> [TASK]
For the listing below, the answer is an exact retyping of the lines from the one with "Adidas Yeezy Boost 700 V2 Mauve GZ0724" through the one with "Condominio en alquiler", both included, without pictures.

DATA TO EXAMINE section start

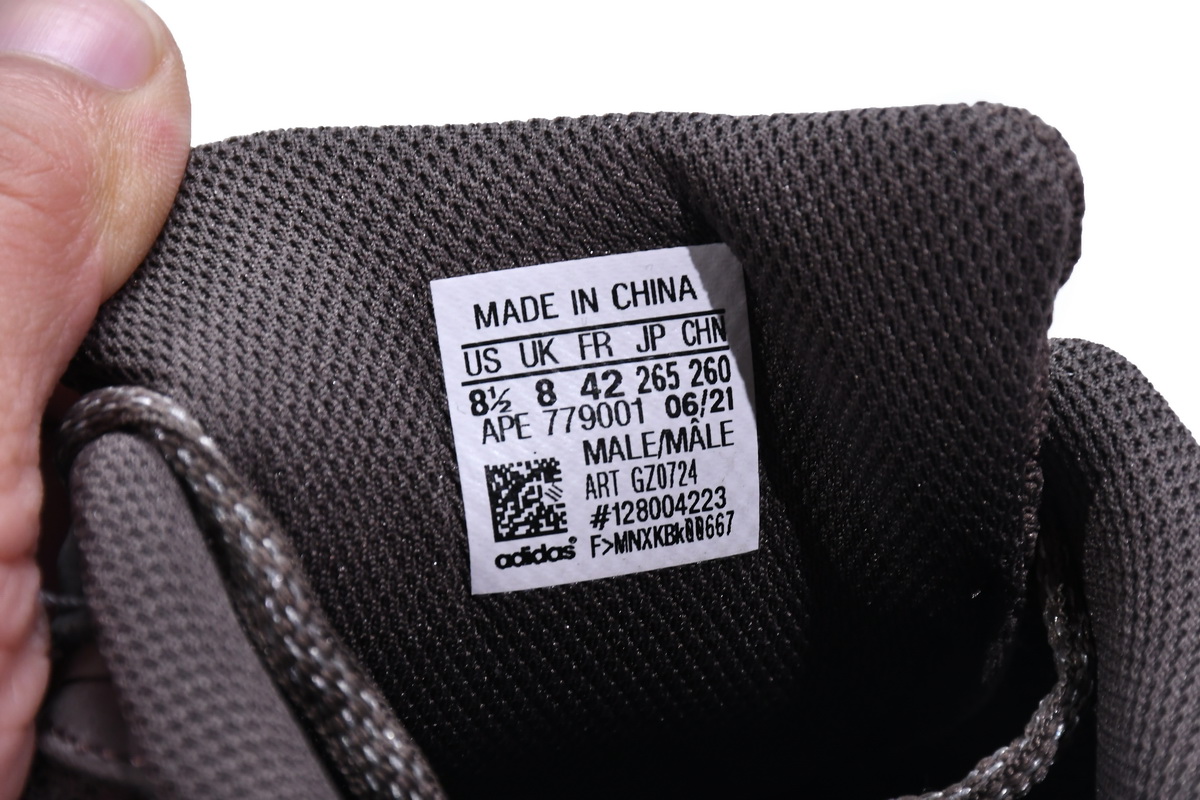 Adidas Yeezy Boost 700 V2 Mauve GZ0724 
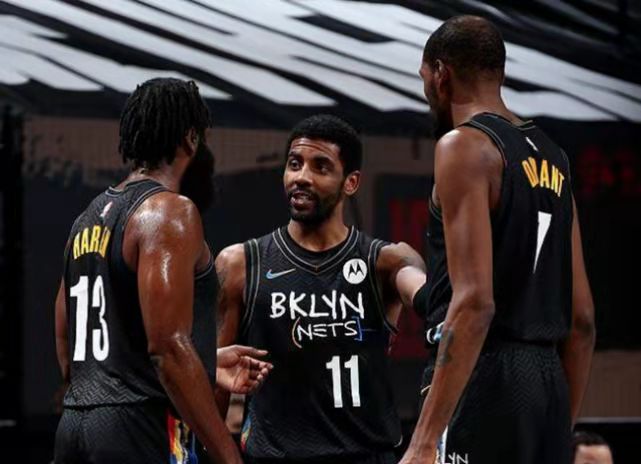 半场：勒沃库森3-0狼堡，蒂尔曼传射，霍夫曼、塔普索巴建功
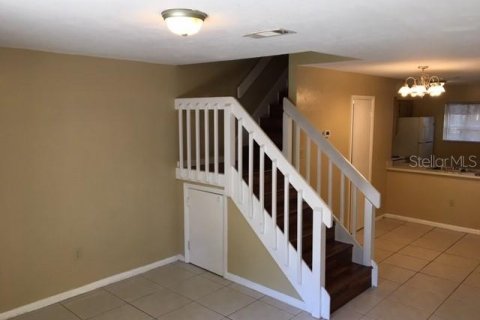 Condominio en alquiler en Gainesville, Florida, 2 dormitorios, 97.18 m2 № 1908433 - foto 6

DATA TO EXAMINE section end
DATA TO EXAMINE section start

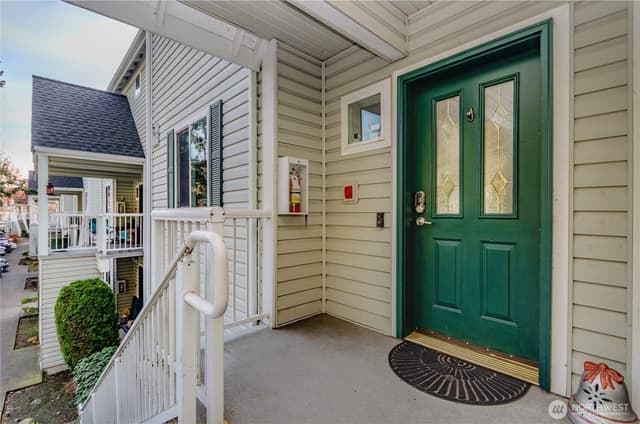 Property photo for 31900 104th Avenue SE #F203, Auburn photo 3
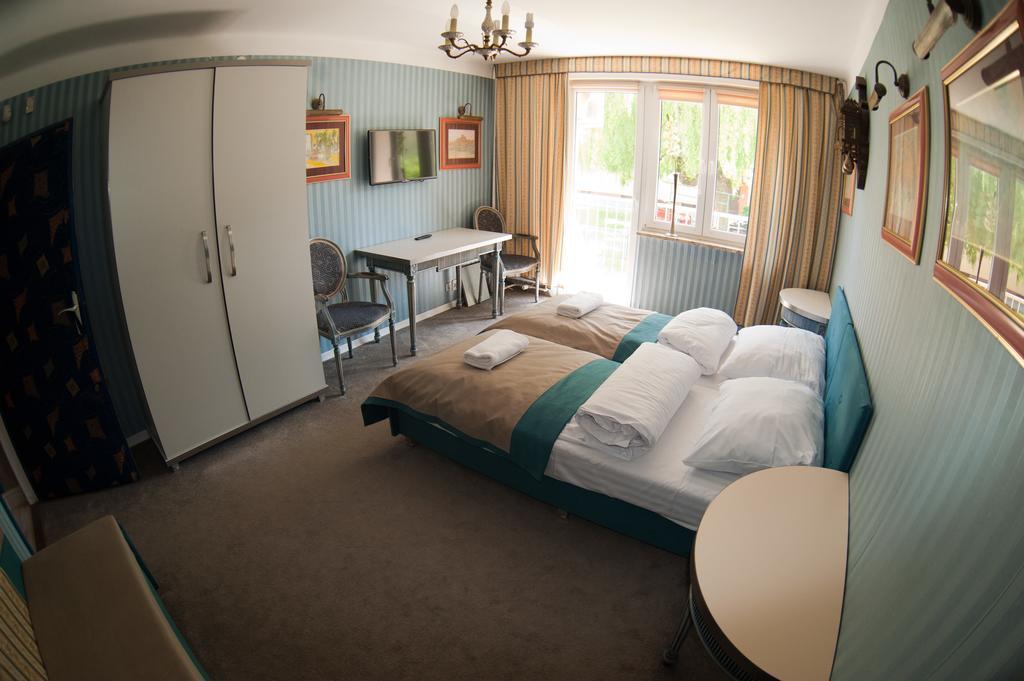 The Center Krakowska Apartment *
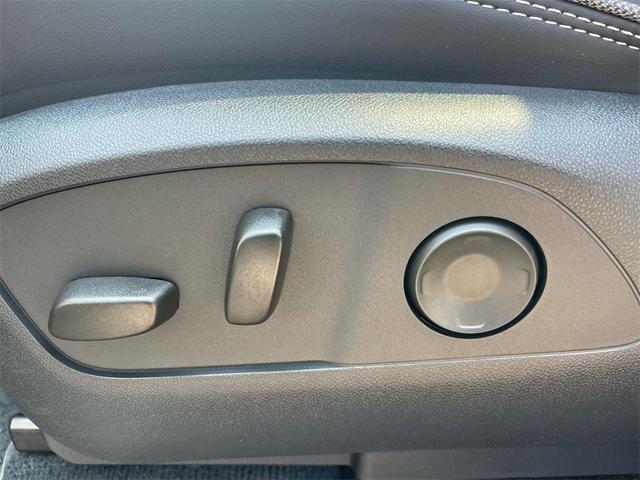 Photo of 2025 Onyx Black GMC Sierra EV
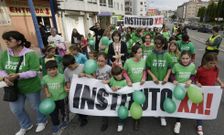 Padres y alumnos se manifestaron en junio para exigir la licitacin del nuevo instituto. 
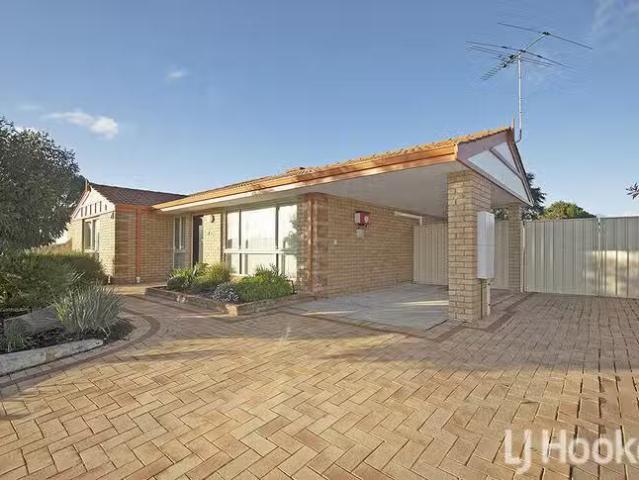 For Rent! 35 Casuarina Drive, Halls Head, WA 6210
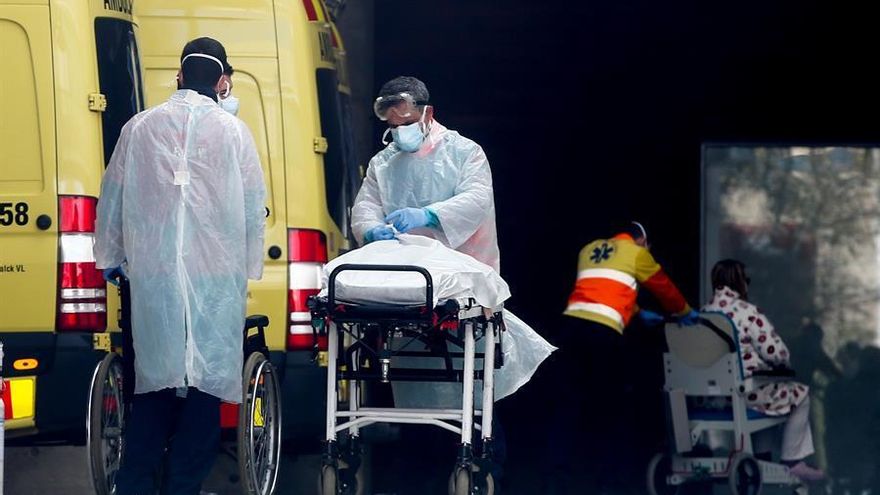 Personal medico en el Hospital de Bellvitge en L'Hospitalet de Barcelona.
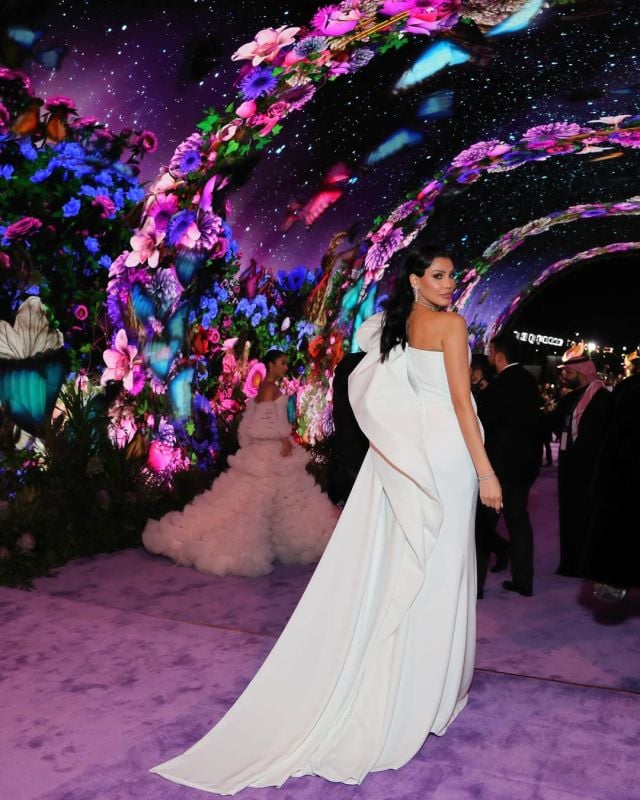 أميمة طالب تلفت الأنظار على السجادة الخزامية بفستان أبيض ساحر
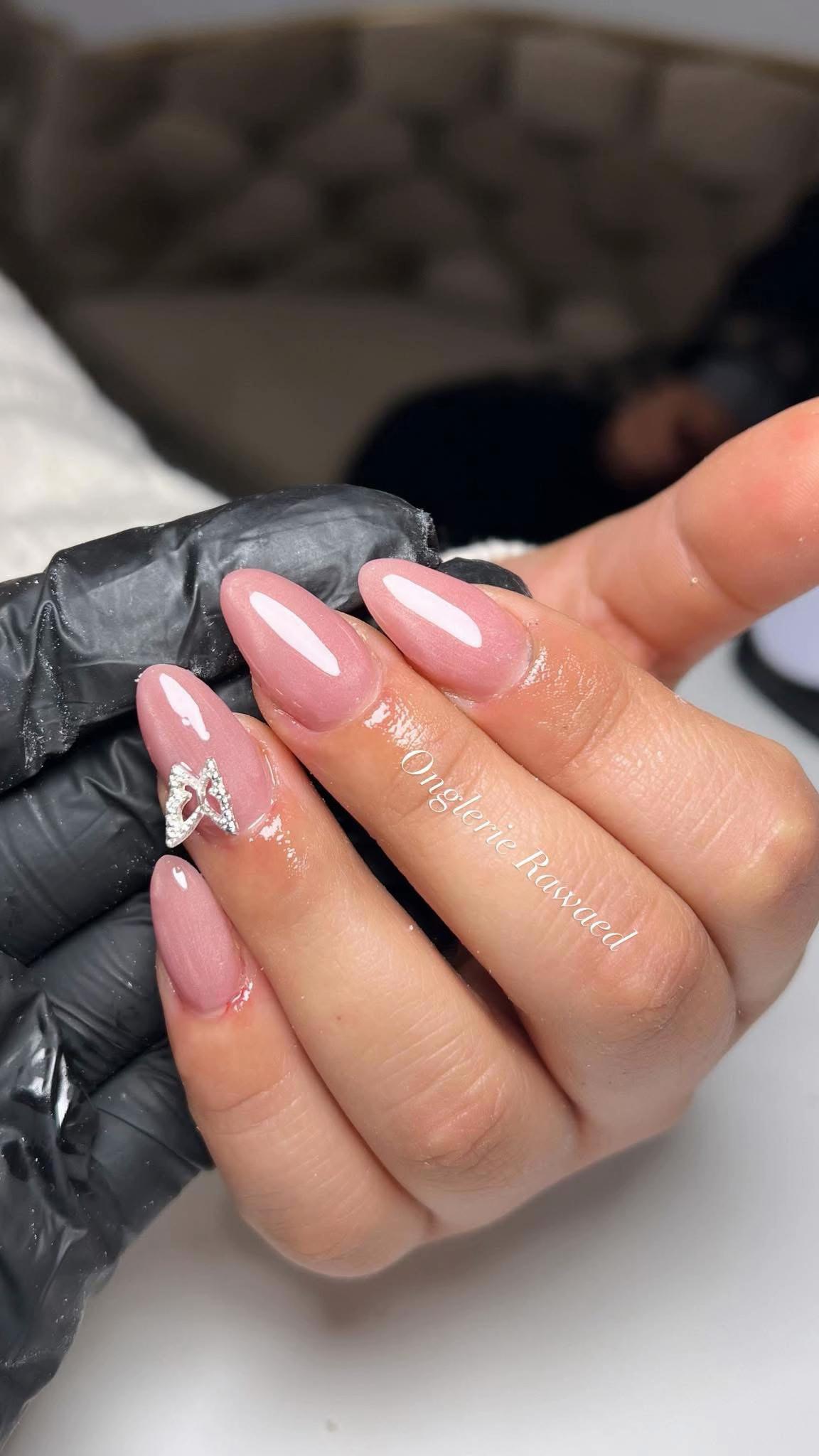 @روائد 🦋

DATA TO EXAMINE section end

> [ANSWER BOX]
 Adidas Yeezy Boost 700 V2 Mauve GZ0724 
 半场：勒沃库森3-0狼堡，蒂尔曼传射，霍夫曼、塔普索巴建功
 Condominio en alquiler en Gainesville, Florida, 2 dormitorios, 97.18 m2 № 1908433 - foto 6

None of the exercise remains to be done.